Now, we'll calculate the center of mass coordinates:

For the x-coordinate: $x_{cm} = \frac{m_1x_1 + m_2x_2 + m_3x_3}{M_{total}} = \frac{(2 \text{ kg})(0 \text{ m}) + (3 \text{ kg})(4 \text{ m}) + (5 \text{ kg})(2 \text{ m})}{10 \text{ kg}} = \frac{0 + 12 + 10}{10} = \frac{22}{10} = 2.2 \text{ m}$

For the y-coordinate: $y_{cm} = \frac{m_1y_1 + m_2y_2 + m_3y_3}{M_{total}} = \frac{(2 \text{ kg})(0 \text{ m}) + (3 \text{ kg})(0 \text{ m}) + (5 \text{ kg})(3 \text{ m})}{10 \text{ kg}} = \frac{0 + 0 + 15}{10} = \frac{15}{10} = 1.5 \text{ m}$

For the z-coordinate: $z_{cm} = \frac{m_1z_1 + m_2z_2 + m_3z_3}{M_{total}} = \frac{(2 \text{ kg})(0 \text{ m}) + (3 \text{ kg})(0 \text{ m}) + (5 \text{ kg})(0 \text{ m})}{10 \text{ kg}} = 0 \text{ m}$

Therefore, the center of mass of the system is located at position (2.2 m, 1.5 m, 0 m).

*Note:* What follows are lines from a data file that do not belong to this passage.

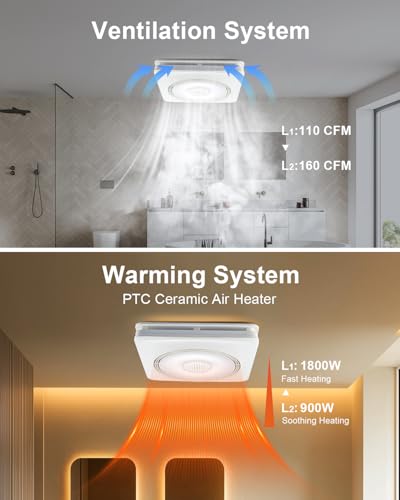 GROWNEER Bathroom Exhaust Fan with Bluetooth Speaker and Heater, Quiet Exhaust Ventilation Fan with Light & Remote 110/160 CFM 1.0 Sone, 9 RGB Modes, 1500lm 3-CCT & Nightlight - style: Bluetooth & Heater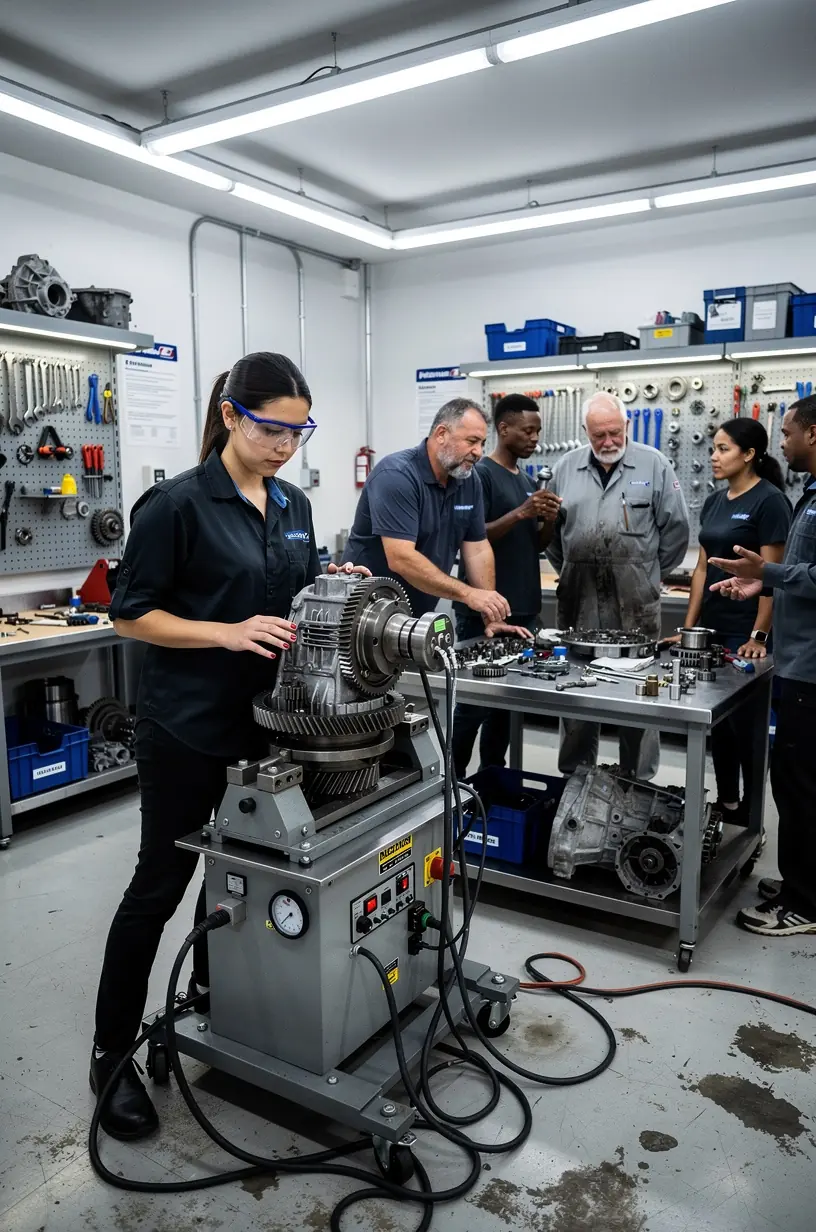 Mécanicien expérimenté réparant une transmission automobile avec des outils spécialisés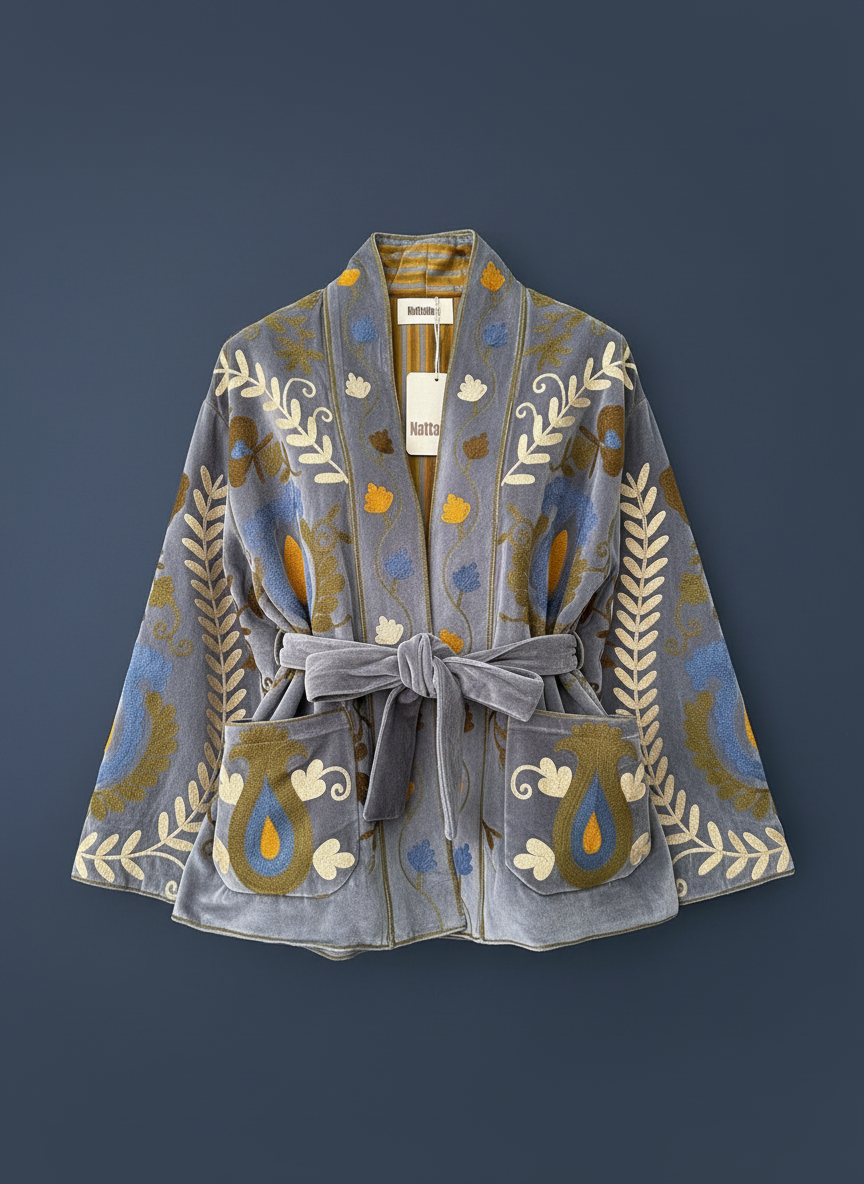 Kimono em veludo bordado LAKSHMI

Practice Problem 2: System as a Single Object

Solution

The car-trailer combination can be treated as a single system when internal forces between the car and trailer (such as the tension in the hitch) are not needed for the motion being analyzed. For example, if we only care about the overall acceleration of the combination due to an external force like friction or a hill, we can lump the two objects together and apply Newton's second law to the whole system.

To find the center of mass: $x_{cm} = \frac{m_{\text{car}} \cdot x_{\text{car}} + m_{\text{trailer}} \cdot x_{\text{trailer}}}{m_{\text{car}} + m_{\text{trailer}}}$

$x_{cm} = \frac{(1500 \text{ kg})(2.0 \text{ m}) + (500 \text{ kg})(8.0 \text{ m})}{1500 \text{ kg} + 500 \text{ kg}} = \frac{3000 + 4000}{2000} = \frac{7000}{2000} = 3.5 \text{ m}$

Therefore, the center of mass of the car-trailer system is at $x = 3.5 \text{ m}$. Notice that the center of mass is closer to the car, which makes sense because the car is three times more massive than the trailer.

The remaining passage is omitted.